| Avatarded |
I have a question about creating exactly the items I want. As a quick clarification, however, this is NOT a question about loot that has been generated already. Alright, now that that's out of the way, here we go.
In the upgrading magic items, or more specifically, reverse engineering items for qualities not listed separately. The example that brought this question to mind was the Belt of Hurling (lesser). Said belt grants a +2 bonus to strength, and the ability to use Strength to hit with thrown weapons instead of Dexterity.
According to the wondrous item creation rules we know that adding a secondary effect to a wondrous item costs the effect's base price, and 50% of the cheaper effect's base price as a sort of stacking penalty.
The above belt has a retail price of 14,000 gold, and we know from the wondrous item creation rules that an enhancement bonus to an attribute is 4,000 gold. To find the stacking penalty we determine which one is less in price, and I'll spare you the math on that, but it's the strength bonus.
With that we know then that the Hurling part of the item should cost 8,000 gold. Now my question, which took this long to get to is: in PFS games, can we reverse engineer items like this to get just the parts out of it that we actually want?
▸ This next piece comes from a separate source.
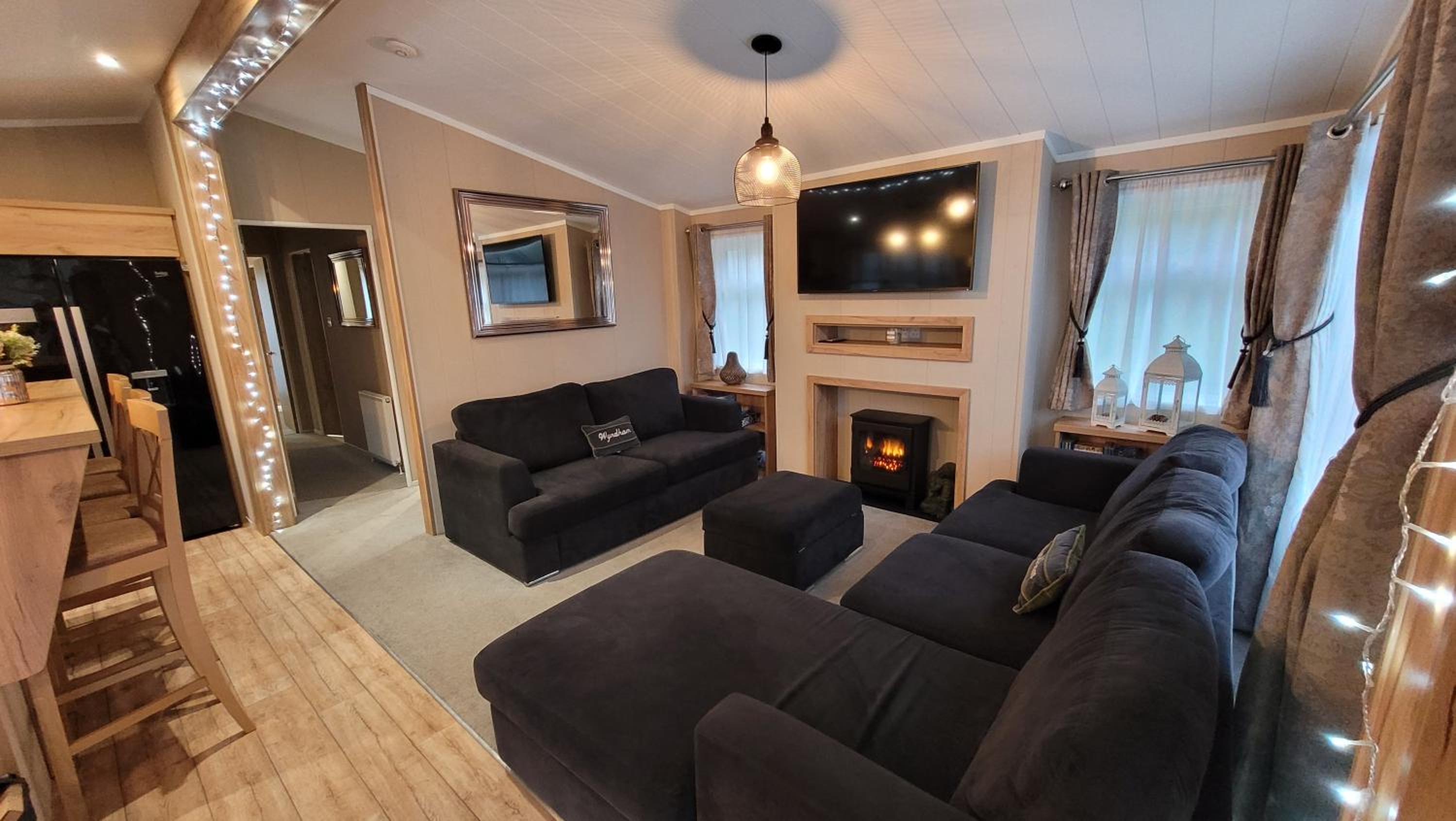 LUXURY PEACEFUL LODGE on edge of New Forest and 800m from sea ENTERTAINMENT and LEISURE PASSES INCLUDED view 4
In any other game setting it'd be a trivial question because so much of crafting is just swept under the rug anyway. But, with PFS a massive amount of restrictions have been levied on play with regards to the rules, and I want to make I'm in compliance.
| Avatarded |
Nope. You get the full item (separate, uncombined) or none of it.
What I'm asking is: can I just create the separate, uncombined part I want. Specifically, I could rephrase the question to say:
"After reverse engineering the item per the crafting rules. I would like to create a Belt of Hurling, as opposed to a belt of Mighty Hurling, lesser. Can I do that?"
The problem is that "belt of Hurling" does not exist as a standalone item in the books, even though the book tells us exactly how to make it using an existing item, and encourages upgrading existing items into combined items such as Belt of Mighty Hurling, lesser.
The essence of the question is: is this encouragement meant to be taken as two-directional, since it doesn't directly state one way or the other about that (so far as I can find anyway).